Ecco che si appresta così l’Anno Horribilis prossimo venturo. In ordine vediamo all’orizzonte: anzitutto l’avvio (beninteso, solo l’avvio) del dibattito in Cda (il prossimo 16 novembre) sul nuovo Piano industriale che, ricordiamo e sottolineiamo, è subordinato e conseguente al Nuovo Contratto di servizio che ancora non vede la luce. È fermo al ministero in attesa di “chiarimenti” per quanto, come noto, la Vigilanza ha espresso un parere “obbligatorio ma non vincolante” che, tradotto, può sempre significare che non ci sono vincolo alla possibilità che possano intervenire successive modifiche.
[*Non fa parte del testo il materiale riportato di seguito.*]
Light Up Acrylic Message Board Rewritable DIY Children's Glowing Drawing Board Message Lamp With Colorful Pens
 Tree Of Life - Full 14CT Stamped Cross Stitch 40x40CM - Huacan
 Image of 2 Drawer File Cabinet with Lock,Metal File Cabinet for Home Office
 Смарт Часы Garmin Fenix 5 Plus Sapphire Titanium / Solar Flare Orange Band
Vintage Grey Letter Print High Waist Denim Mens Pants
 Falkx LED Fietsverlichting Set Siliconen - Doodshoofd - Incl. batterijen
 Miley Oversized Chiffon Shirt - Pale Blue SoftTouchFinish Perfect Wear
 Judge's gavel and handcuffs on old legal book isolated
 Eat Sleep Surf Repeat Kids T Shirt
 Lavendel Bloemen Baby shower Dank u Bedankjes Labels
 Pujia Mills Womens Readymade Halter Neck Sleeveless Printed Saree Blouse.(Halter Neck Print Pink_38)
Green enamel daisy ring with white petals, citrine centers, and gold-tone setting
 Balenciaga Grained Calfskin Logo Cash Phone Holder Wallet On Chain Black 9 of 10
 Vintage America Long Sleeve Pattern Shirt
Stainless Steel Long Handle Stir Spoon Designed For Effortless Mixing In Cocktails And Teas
Contratto di servizio e piano industriale per esser credibili e sostenibili hanno bisogno entrambi di certezze economiche e non ce n’è alcuna al momento, anzi. Tutta questa materia dovrà poi essere affrontata da un nuovo Cda RAI che si dovrà insediare a giugno prossimo (salvo proroghe per la concomitanza con le elezioni europee). È appena iniziata una battaglia dagli esiti molto incerti per la corsa al nuovo AD: dal che si leggeva quasi con assoluta certezza il destino sicuro di Giampaolo Rossi a questi giorni dove le cannonate si sprecano ad alzo zero contro di lui allorquando si annuncia già il nome di chi dovrebbe essere nelle migliori grazie della Meloni (Chiocci).
Poi, il prossimo 10 gennaio, come previsto dal nuovo Contratto, si dovrà attuare l’art. 15 che definisce il passaggio di un Mux RAI in DVB-T2 con tutti problemi e i rischi di cui spesso abbiamo parlato. Infine, ma nemmeno poi tanto infine, visto che si tratta di un possibile inizio, i ragionieri di Viale Mazzini dovranno fare i nuovi conti con le minori entrate che ci potranno essere in conseguenza della riduzione del canone. È verosimile che si potrà innescare un perverso e pericoloso gioco al ribasso: meno soldi, meno programmi, meno investimenti. Ma nel segno “meno” necessario ricordare pure “meno idee” che magari costano pure poco e, se funzionano rendono molto. Ma questo è tutt’altro tema che non è solo dell’Anno Horribilis.